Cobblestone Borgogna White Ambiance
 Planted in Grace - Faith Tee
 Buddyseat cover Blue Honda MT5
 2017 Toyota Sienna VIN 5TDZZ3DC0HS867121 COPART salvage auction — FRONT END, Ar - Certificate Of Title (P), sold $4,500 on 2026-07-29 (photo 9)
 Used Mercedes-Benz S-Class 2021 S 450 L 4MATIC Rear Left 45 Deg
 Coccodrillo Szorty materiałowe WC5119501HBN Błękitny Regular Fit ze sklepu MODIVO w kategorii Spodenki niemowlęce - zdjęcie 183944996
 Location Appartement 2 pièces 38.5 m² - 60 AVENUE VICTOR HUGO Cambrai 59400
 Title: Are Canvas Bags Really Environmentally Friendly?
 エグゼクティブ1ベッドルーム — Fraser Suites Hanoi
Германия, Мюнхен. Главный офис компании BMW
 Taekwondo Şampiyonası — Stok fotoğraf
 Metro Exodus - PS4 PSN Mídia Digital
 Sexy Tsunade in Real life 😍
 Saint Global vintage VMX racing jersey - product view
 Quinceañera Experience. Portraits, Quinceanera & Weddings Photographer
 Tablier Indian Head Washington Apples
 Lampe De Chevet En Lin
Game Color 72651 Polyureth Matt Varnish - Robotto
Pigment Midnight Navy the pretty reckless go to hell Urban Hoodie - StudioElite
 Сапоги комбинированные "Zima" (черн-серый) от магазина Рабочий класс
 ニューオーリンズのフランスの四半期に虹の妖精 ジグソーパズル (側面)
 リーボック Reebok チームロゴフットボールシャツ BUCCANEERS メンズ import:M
========================================================================
> _TASK STATEMENT_
The required output is every line above from the one with "Buddyseat cover Blue Honda MT5" down to the one with "Sexy Tsunade in Real life 😍", restated word for word, ends included.

> _SOLUTION TO THIS TASK_
 Buddyseat cover Blue Honda MT5
 2017 Toyota Sienna VIN 5TDZZ3DC0HS867121 COPART salvage auction — FRONT END, Ar - Certificate Of Title (P), sold $4,500 on 2026-07-29 (photo 9)
 Used Mercedes-Benz S-Class 2021 S 450 L 4MATIC Rear Left 45 Deg
 Coccodrillo Szorty materiałowe WC5119501HBN Błękitny Regular Fit ze sklepu MODIVO w kategorii Spodenki niemowlęce - zdjęcie 183944996
 Location Appartement 2 pièces 38.5 m² - 60 AVENUE VICTOR HUGO Cambrai 59400
 Title: Are Canvas Bags Really Environmentally Friendly?
 エグゼクティブ1ベッドルーム — Fraser Suites Hanoi
Германия, Мюнхен. Главный офис компании BMW
 Taekwondo Şampiyonası — Stok fotoğraf
 Metro Exodus - PS4 PSN Mídia Digital
 Sexy Tsunade in Real life 😍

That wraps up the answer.